Nonlinear discrete Schrödinger equations with a point defect
Dirk Hennig
TL;DR
We address the DNLS on $\mathbb{Z}^d$ with a point defect and general power nonlinearity, studying how linear defect modes and nonlinear self-trapping interact. The authors develop a variational framework on a weighted Nehari manifold to prove the existence of spatially localized ground states (breathers) for focusing nonlinearity and derive explicit excitation thresholds, while also characterizing persistence and upper bounds of linear defect modes under defocusing nonlinearity. They show that, below a mass threshold, solutions scatter to solutions of the linear problem in $l^p$ with decay rates, and they identify a Weinstein-type threshold that governs the scattering vs non-scattering dichotomy. The results highlight how discreteness and defect strength shape localization, threshold phenomena, and long-time dynamics in lattice nonlinear waves with impurities, with potential implications for optical lattices and discrete photonic systems.
Abstract
We study the $d$-dimensional discrete nonlinear Schrödinger equation with general power nonlinearity and a delta potential. Our interest lies in the interplay between two localization mechanisms. On the one hand, the attractive (repulsive) delta potential acting as a point defect breaks the translational invariance of the lattice so that a linear staggering (non-staggering) bound state is formed with negative (positive) energy.
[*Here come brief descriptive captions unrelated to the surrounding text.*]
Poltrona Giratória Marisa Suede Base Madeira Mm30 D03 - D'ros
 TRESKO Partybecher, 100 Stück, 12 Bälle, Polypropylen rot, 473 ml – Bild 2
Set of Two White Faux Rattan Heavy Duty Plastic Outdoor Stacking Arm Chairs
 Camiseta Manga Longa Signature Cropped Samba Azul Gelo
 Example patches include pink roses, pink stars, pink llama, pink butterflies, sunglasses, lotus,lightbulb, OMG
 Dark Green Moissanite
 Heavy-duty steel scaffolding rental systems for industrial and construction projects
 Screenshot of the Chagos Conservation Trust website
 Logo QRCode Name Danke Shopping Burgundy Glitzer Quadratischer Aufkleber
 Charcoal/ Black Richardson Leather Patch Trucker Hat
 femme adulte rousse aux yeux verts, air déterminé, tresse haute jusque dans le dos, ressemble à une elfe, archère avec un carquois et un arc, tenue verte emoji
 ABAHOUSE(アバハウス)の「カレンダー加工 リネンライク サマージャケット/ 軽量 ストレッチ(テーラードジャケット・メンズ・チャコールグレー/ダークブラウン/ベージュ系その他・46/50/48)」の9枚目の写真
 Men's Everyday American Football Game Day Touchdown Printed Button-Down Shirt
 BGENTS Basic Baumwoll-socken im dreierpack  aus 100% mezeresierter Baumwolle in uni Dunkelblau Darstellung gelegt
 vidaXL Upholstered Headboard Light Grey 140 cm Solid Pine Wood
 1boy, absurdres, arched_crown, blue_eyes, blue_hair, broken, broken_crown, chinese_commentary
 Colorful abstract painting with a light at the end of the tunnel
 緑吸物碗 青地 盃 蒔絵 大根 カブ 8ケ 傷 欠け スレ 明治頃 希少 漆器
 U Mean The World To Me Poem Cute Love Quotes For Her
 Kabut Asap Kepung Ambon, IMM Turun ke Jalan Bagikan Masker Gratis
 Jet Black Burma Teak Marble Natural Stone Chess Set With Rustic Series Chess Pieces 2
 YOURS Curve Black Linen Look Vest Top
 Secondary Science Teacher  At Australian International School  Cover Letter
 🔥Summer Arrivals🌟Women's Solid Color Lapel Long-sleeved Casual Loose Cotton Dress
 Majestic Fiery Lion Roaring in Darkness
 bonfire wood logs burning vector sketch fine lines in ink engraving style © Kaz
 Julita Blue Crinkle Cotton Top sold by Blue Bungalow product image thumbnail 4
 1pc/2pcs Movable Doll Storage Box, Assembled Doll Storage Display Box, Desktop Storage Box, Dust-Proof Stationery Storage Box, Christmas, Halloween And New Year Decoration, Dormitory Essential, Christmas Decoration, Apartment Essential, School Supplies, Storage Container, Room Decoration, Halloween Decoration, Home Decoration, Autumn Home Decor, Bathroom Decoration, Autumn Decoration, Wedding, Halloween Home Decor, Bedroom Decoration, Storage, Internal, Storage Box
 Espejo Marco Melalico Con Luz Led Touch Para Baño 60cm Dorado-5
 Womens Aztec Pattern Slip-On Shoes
On the other hand, focusing nonlinearity may lead to self-trapping of excitation energy. For focusing nonlinearity we prove the existence of a spatially exponentially localized and time-periodic ground state and investigate the impact of an attractive respectively repulsive delta potential on the existence of an excitation threshold, i.e. supercritical $l^2$ norm, for the creation of such a ground states. Explicit expressions for the lower excitation thresholds are given. Reciprocally, we discuss the influence of defocusing nonlinearity on the durability of the linear bound states and provide upper thresholds of the $l^2-$norm for their preservation. Regarding the asymptotic behavior of the solutions we establish that for a $l^2-$norm below the excitation threshold the solutions scatter to a solution of the linear problem in $l^{p>2}$.